The University of Texas, MD Anderson Cancer Center shared; “A new study from The University of Texas MD Anderson Cancer Center evaluating the use of neurofeedback found a decrease in the experience of chronic pain and increase quality of life in patients with neuropathic pain.”
The lead investigator, Sarah , PhD said that, “Chemotherapy-induced peripheral neuropathy is very common in cancer patients and there is currently only one medication approved to treat it. I’m encouraged to see the significant improvements in patient’s quality of life after treatment. This treatment is customized to the individual, and is relatively inexpensive, non-invasive and non-addictive.”

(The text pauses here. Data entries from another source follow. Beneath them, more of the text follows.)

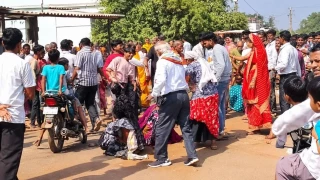 भिलाई के नंदौरी में बाहर से आई पांच महिलाओं पर बच्चा चोरी का आरोप, ग्रामीणों ने की मारपीट
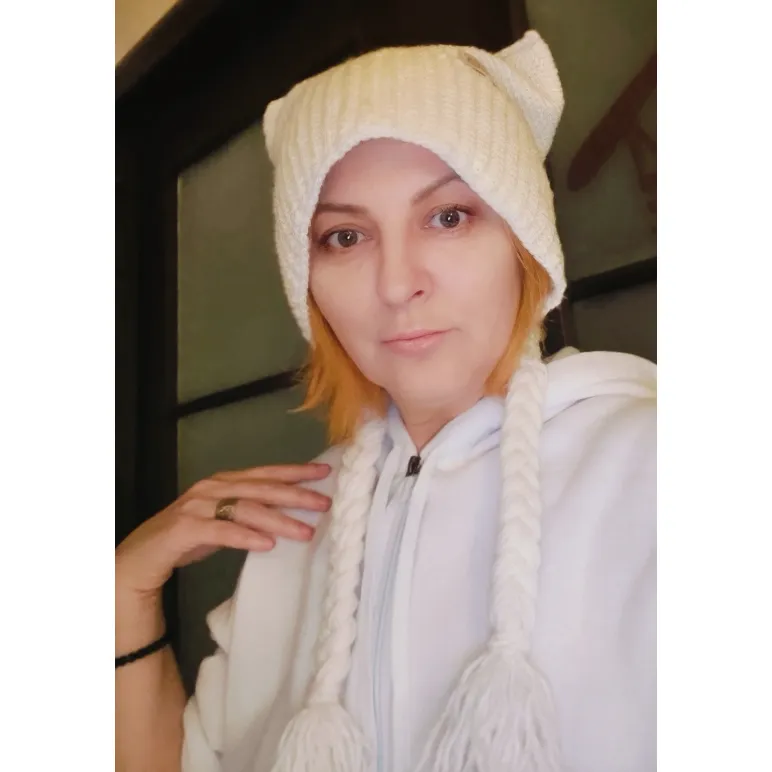 Шапка с ушками и минетки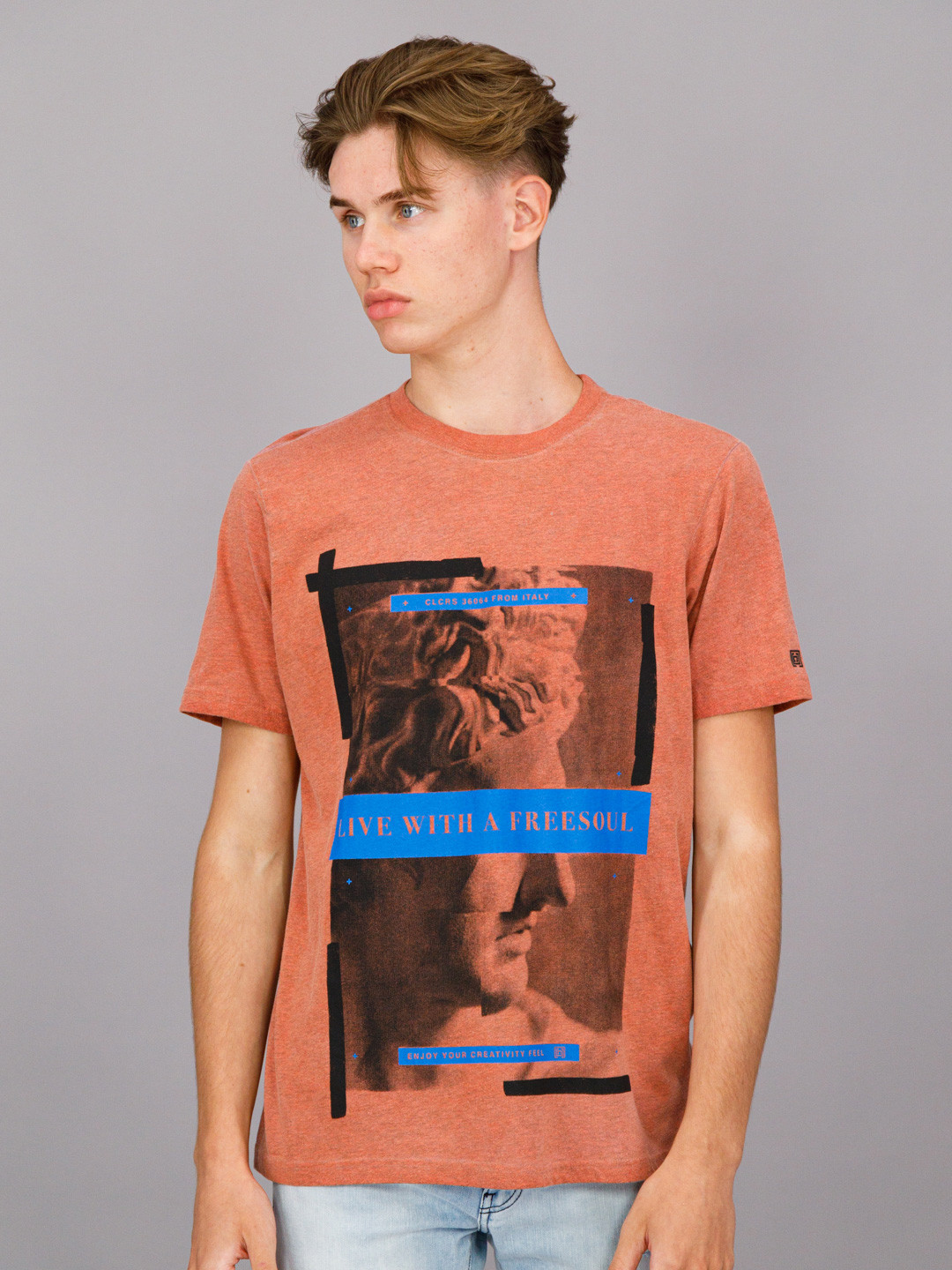 

FREESOUL Men Orange Printed Pure Cotton T-shirt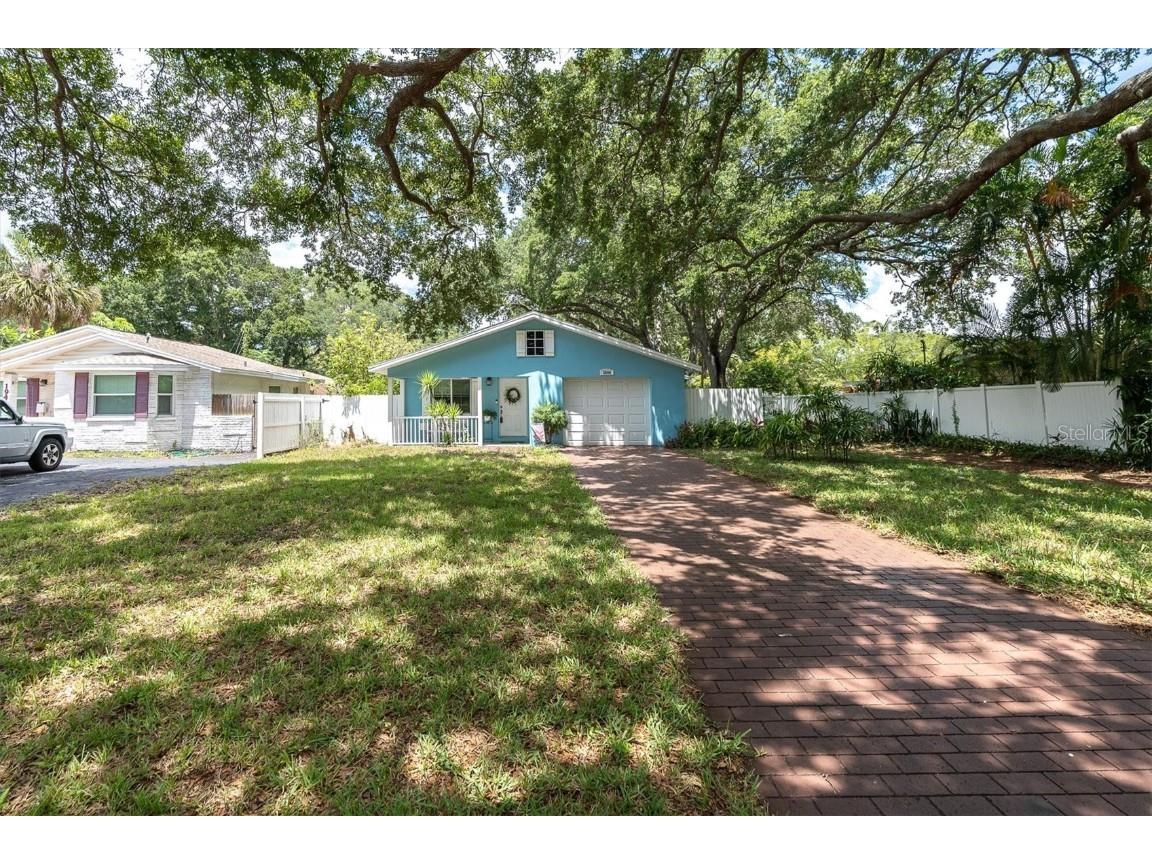 2000 Country Club Road N Saint Petersburg FL 33710 U8163331 image1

It is encouraging to know that Neurofeedback (NF) can help with Peripheral neuropathy because it effects not only patients undergoing chemotherapy but others with illnesses such as Lyme disease, shingles (varicella-zoster), Epstein-Barr virus, hepatitis C, leprosy, diphtheria and HIV.
“Chronic chemotherapy-induced peripheral neuropathy (CIPN) is a common side effect of chemotherapy, often affecting 71 to 96 percent of patients after a month of chemotherapy treatment. Peripheral neuropathy is a set of symptoms such as pain, burning, tingling and loss of feeling caused by damage to nerves that control the sensations and movements of our arms and legs.
Neuroplasticity is the ability of the brain to form new connections and change existing ones. This study demonstrated that neurofeedback induces neuroplasticity to modulate brain activity and improve CIPN symptoms.”
The study also showed that, “After treatment, 73 percent saw improvement in their pain and quality of life. Patients with CIPN also exhibited specific and predictable EEG signatures that changed with neurofeedback.”